Se questa vittoria ha dimensioni universali quanto all’intenzione divina, richiede però l’assenso della creatura per potersi realizzare nel concreto di una esistenza storica: se la vittoria di Dio resta ipotetica nella vita di ogni uomo, sempre capace di rifiutarsi alla grazia infinita del Signore, possiamo essere sicuri della sua efficacia almeno in una creatura, storicamente vissuta. Si tratta della beata Vergine Maria. In lei si adempie perfettamente la promessa fatta alla madre di tutti i viventi, Eva, di vedere un giorno schiacciata la testa dell’antico serpente; in lei ha trovato già compiuta realizzazione il disegno di predestinazione dell’umanità alla grazia vittoriosa di Dio, cantata da Paolo. Lei è quell’Israele di cui parlava il Salmo 97/98: “Il Signore ha fatto conoscere la sua salvezza, agli occhi delle genti ha rivelato la sua giustizia.

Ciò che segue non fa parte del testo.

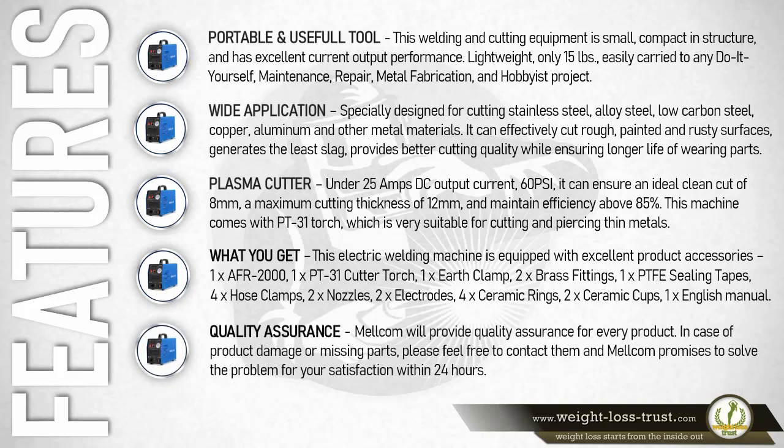Melcom will provide quality assurance for every product. In case of product damage or missing parts, please feel free to contact them. Melcom promises to solve the problem for your satisfaction within 24 hours.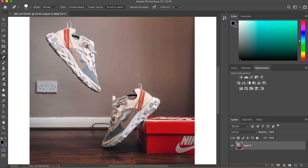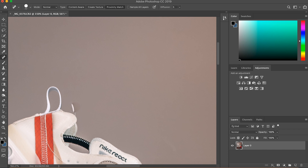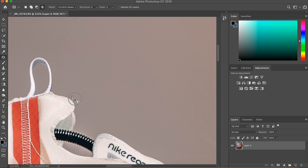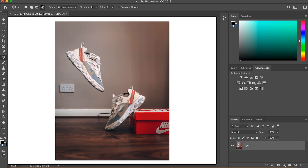I'm going to show you what to do with the first one we took. You want the spot healing brush — I'm going to do it in small bits or it'll get confused. And there we go, the shoes are floating.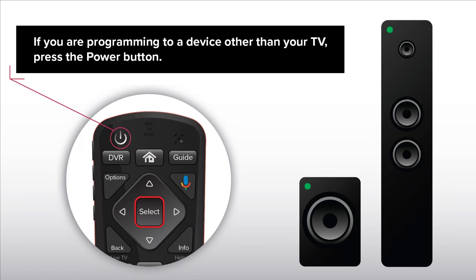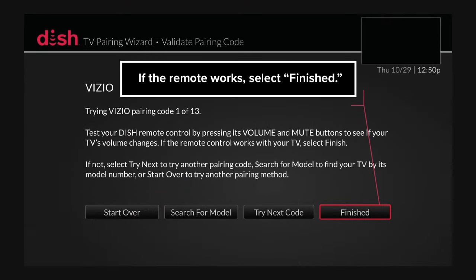If you are programming to a device other than your TV, press the Power button. If the remote works, select Finished.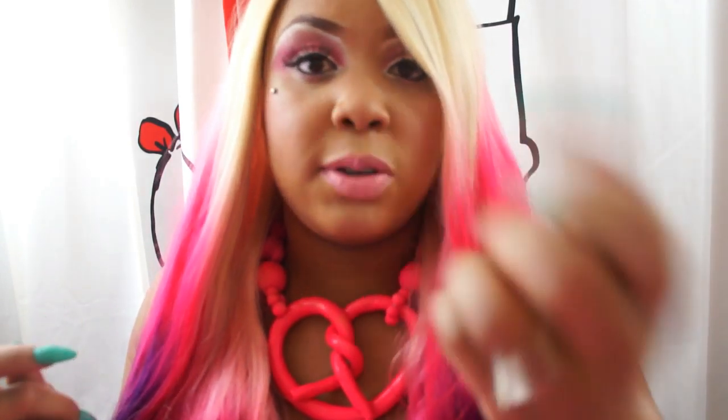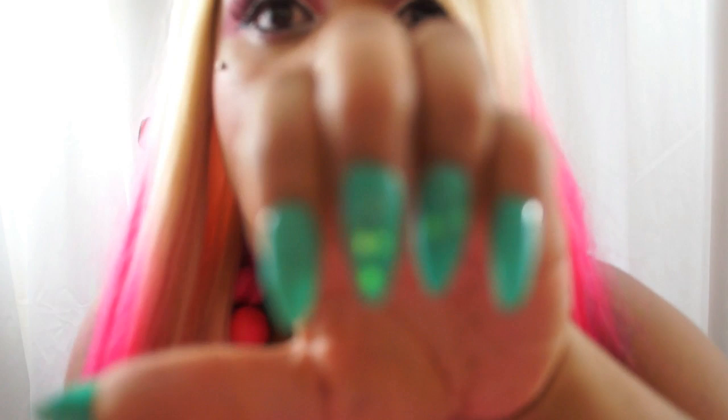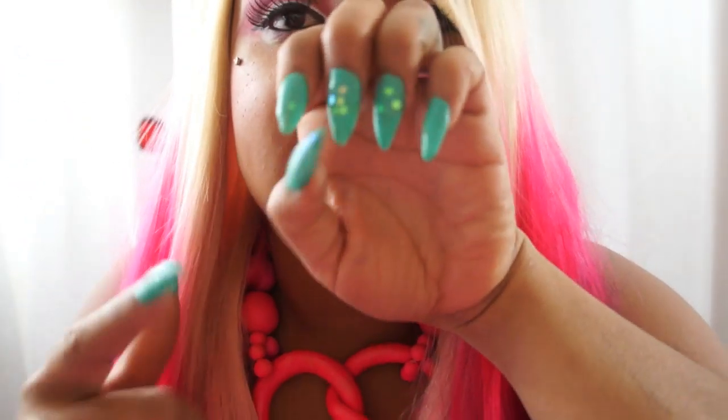Today I actually did my nails — I posted a picture on Instagram, they were so nice. But now all the little crystal things are like coming off because my nails don't last at all. Thank God I know how to do nails. But anyway, that's about it — I hope you guys liked this hair. Let me know, I'll be posting loads and lots of pictures of this hair on my Instagram.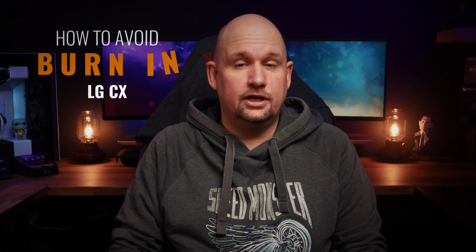Are you nervous that you will get burn-in on your LG CX? Then let me tell you how to avoid it. I'm Razumazoo, and by the end of this video, you will know how I have avoided burn-in on my LG CX — even though I have been using it for 8 hours a day, 7 days a week for about a year — with no burn-in at all. I'll show you what software I use and the settings in the CX as well.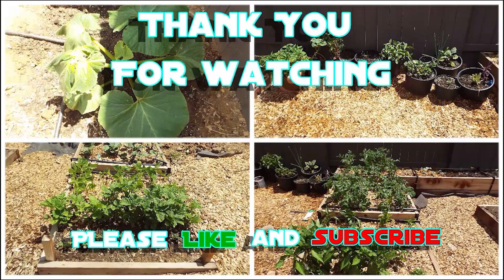Thank you guys for watching my video. Please cultivate that like button and subscribe if you haven't done so already.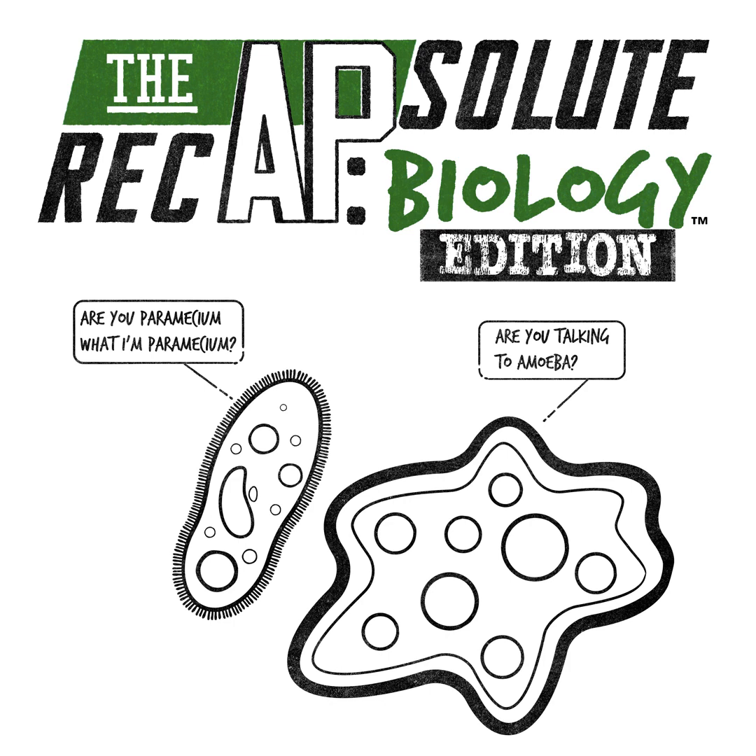When you place a bulk order, you and your students get access to the Ultimate Review Packet. And as a thank you for your bulk order, you, the teacher, will also get access to other teacher-specific resources that you can use in the classroom.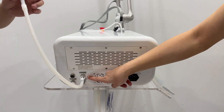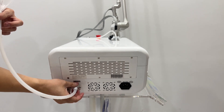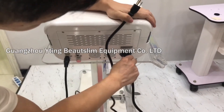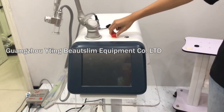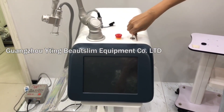Keep these two holes open when using the machine. Connect the power cord. Rotate this button. Connect the key and rotate the key.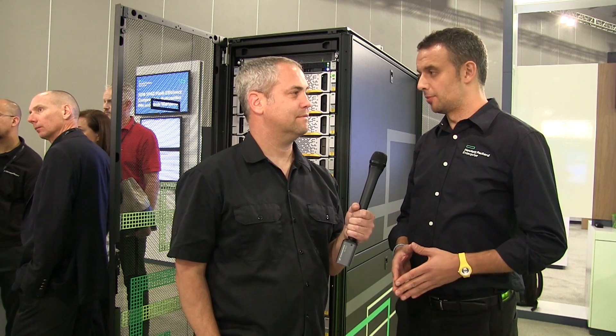If you build bigger configurations, that premium goes down to 5 or 3 percent. So it's really a little premium, but you get much more. Thanks Alberto. Thank you.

Egli si è ricordato del suo amore, della sua fedeltà alla casa di Israele” (Sal 98,2-3).

Contemplando oggi la Vergine Maria vittoriosa, fin dal suo concepimento, contro ogni ombra di peccato, contempliamo allora il nostro stesso destino di vittoria. La sola differenza: ciò che in lei si è compiuto senza il suo esplicito consenso, in vista dei meriti di Cristo redentore, in vista del «Sì» che il Signore già sapeva ella avrebbe dato al suo disegno di salvezza per l’umanità, per noi si compie invece nella serie continua dei nostri «Sì» pronunciati alla volontà di Dio nel corso della nostra storia personale. Noi siamo diventati immacolati il giorno del nostro Battesimo, quando la Chiesa ci ha generati alla vita della grazia, e possiamo continuare ad esserlo ogni volta che a quella grazia fontale ci volgiamo, ripetendo, come Maria a Nazaret, il nostro “Eccomi!”: “Ecco la serva del Signore: avvenga per me secondo la tua parola” (Lc 1,38).